Pidato kesenian ini tidak
menuliskan resep manjur untuk pelaksanaan praktikal, dia cuma merangsang
beberapa dahan perasaan dan fikiran lewat bentuk puisi. Dia menegaskan akar
Indonesia dalam tahun ke-50 usia negeri ini. Dia mencoba mengingatkan bahwa
dalam gelombang besar materialisme, keserakahan dan rasa tak acuh pada
penderitaan manusia di dunia ini, pemberhalaan terhadap apa pun ditolak.

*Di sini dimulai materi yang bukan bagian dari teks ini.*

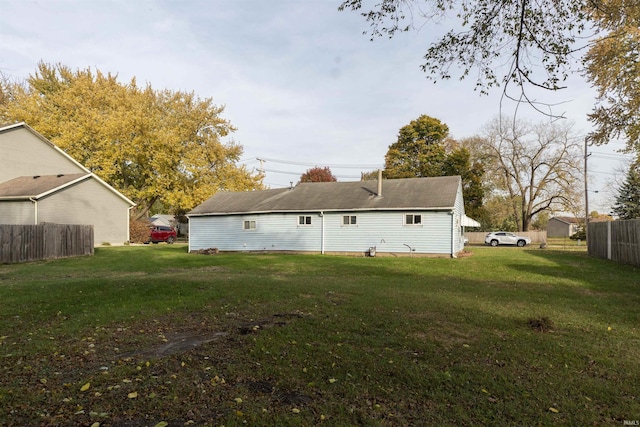 back of house with a yard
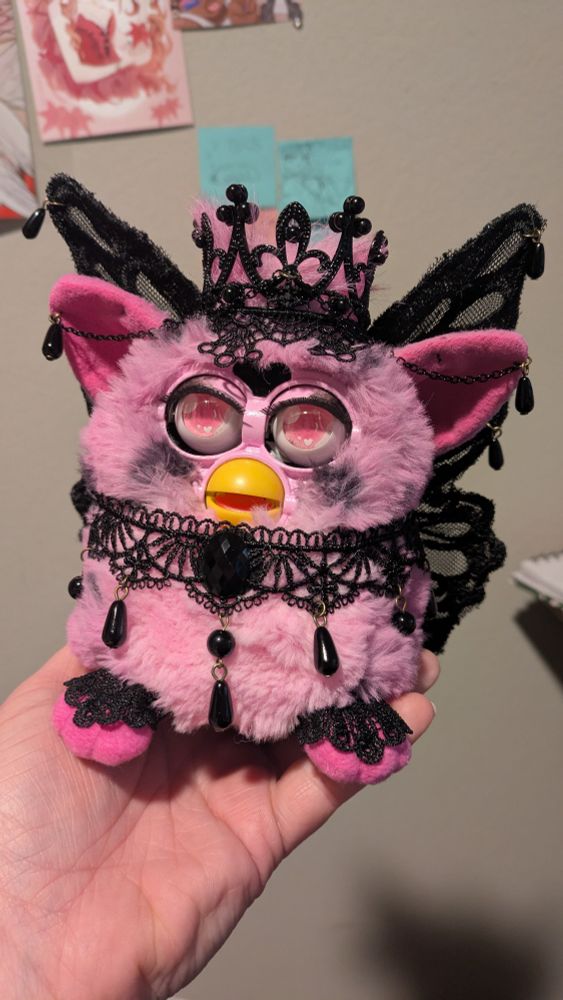 A custom of a furby; its pink with black spots and accessories, has black lace fair wings and a black crown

Kesenian kita adalah kesenian yang bermanfaat bagi manusia serta lingkungannya
dalam dataran bumi, dan bermakna maksimum dalam garis tegak lurus menuju Yang
Maha Pencipta Keindahan. Dalam pelaksanaan kesenian seniman tidak dapat
mengasing duduk mencangkung di sebuah pulau alit, atau berjalan sendiri tanpa
mengindahkan siapa-siapa. Dia percaya pada bentuk kerjasama dan selalu
menghargainya. Dia memerlukan kemerdekaan kreatif, dan untuk itu dia tahu bahwa
akan ada kemungkinan benturan. Dia percaya pada hati nuraninya dan yakin pada kekuatan
doa. Perasaannya akrab dan lekat pada orang-orang malang dan berkekurangan.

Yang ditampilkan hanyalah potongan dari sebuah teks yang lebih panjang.